16 responses to “Who I Am, What I Do and Why It Matters”

  1. Dan Burt says:

    Darci, can I be in your POM cabinet? My formal education consists of two film studies classes (American film 1915-50, European Cinema) and watching a crap-load of movies on HBO and Netflix (detailed resume upon request). I’ve been watching a lot of weird documentaries lately, though.

  2. dwoz says:

    Officially your fanboy.

    I have never, and WILL never, understand the appeal of Andi MacDowell as a woman and as an actor.

    The only actress capable of making Hugh Grant seem like a versatile method actor.

    And I LIKED that movie.

    So now, here’s the part of the forum post where I offer far more information about myself than anyone, anywhere, cares to know:

    I am a musician. although I think I’ve earned about 1/1000th of my yearly income as such.

    Go figure.

  3. Gloria says:

    Darci, you’re hilarious.

    “And even though I’d like a career as a Certified Badass, I keep failing the test. Two for flinching, every time.” <—– so damn funny.

    “I also don’t have the required drug addiction or an elastic asshole.” I love the way you throw this shit in. I loved reading this.

    I’m on board with the movie thing if we can include Kate Hudson, Andy Dick, and Jonah Hill, too. I love monkeys, though.

  4. Thanks, folks! I hope I can count on your support on the campaign trail. Ratliff 2012-Infinity!!

  5. jmblaine says:

    I worked in the monkey & snake house
    & the Zoo & it was pretty awesome.

    Only when I love a job
    do you define yourself by it.

    “Are you the monkey house dude?”

    “That’s me!”

  6. Judy Prince says:

    “I hope to meet others like me — those who will support me in my quest to rid all films of talking babies and talking chihuahuas and Andie MacDowells.”

    Darci, I’m with you and dwoz on Andie MacDowell. Matter of fact, I’m with you all the way on your being POM. I’ll be your POM POM. But let’s not meet or talk to each other; that would be too sociable. We’ll simply use the blackball system, communicated through email. No, better yet, we’ll You Tube our blackball voting, using monkeys, of course, as couriers and explicators.

  7. Matt says:

    “It’s hard to know if this is the career history of a polymath, a drifter or a mental patient.”

    The three are not mutually exclusive…

    The only movie with Andie McDowell in it that I can stand is sex, lies, and videotape. Though I guess I do like Greystoke, the Legend of Tarzan, Lord of the Apes. Though that only half counts, because her British accent was so bad Glenn Close had to overdub all her lines.

  8. Hello!
    You’re very funny!
    My mother used to say, “You’re a human BEING, not a human DOING. Relax!”

  9. Andrew Hime says:

    I have several checks of that ilk floating around my house. I believe one is still on the fridge, but it might be the one you made out to Karl.

  10. Simon Smithson says:

    I call Secretary of Defence!

    And man, I am so going to bomb the shit out of David Lynch’s house.

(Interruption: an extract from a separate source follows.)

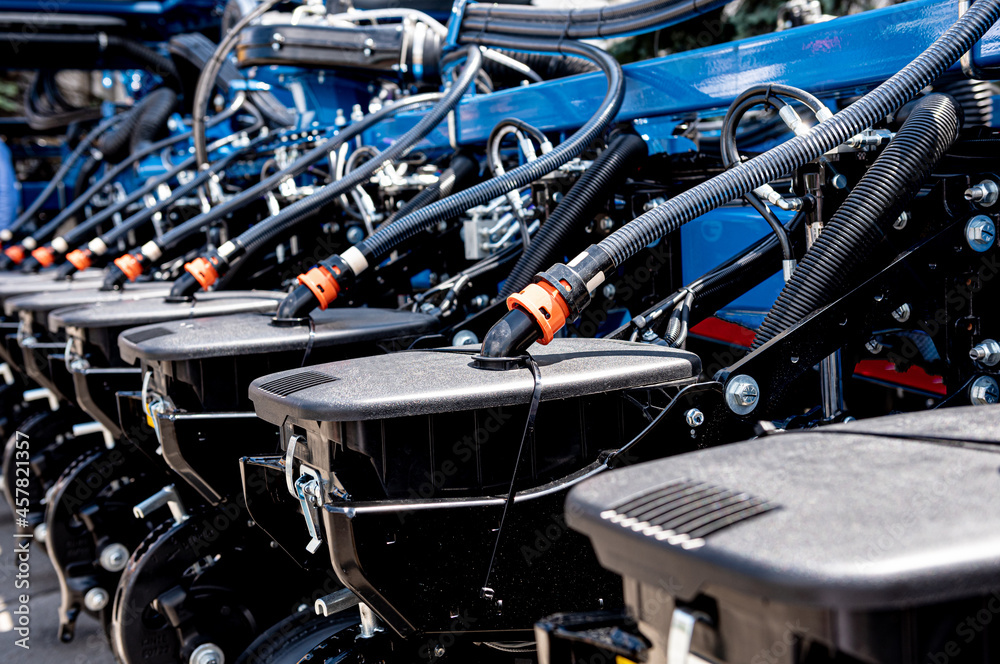 Fototapeta premium New modern agricultural machinery and equipment details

But not before I’ve fulfilled my lifelong dream of meeting him and mis-pronouncing his name as David Lunch.

    Ha ha ha…

    But seriously, I don’t like his work. Put Michael Cera in a David Lynch film with an appearance by Jennifer Aniston and I will kill myself with dynamite.

  11. Marni Grossman says:

    I can answer for you: Darci, you are…awesome.

    And this line is brilliant: “It’s hard to know if this is the career history of a polymath, a drifter or a mental patient.”

  12. Erika Rae says:

    Oh this was great. So much good and fun about this post. I always thought my list of jobs I’ve held was good, but this…THIS…priceless. You will have my vote as President of Movies. And of Jobs.

  13. Awesome! I promise to serve you all well, plus tons of sex scandals!!

  14. Andie MacDowell says:

    This is just a bunch of bullshit. I was in sex, lies and video tape!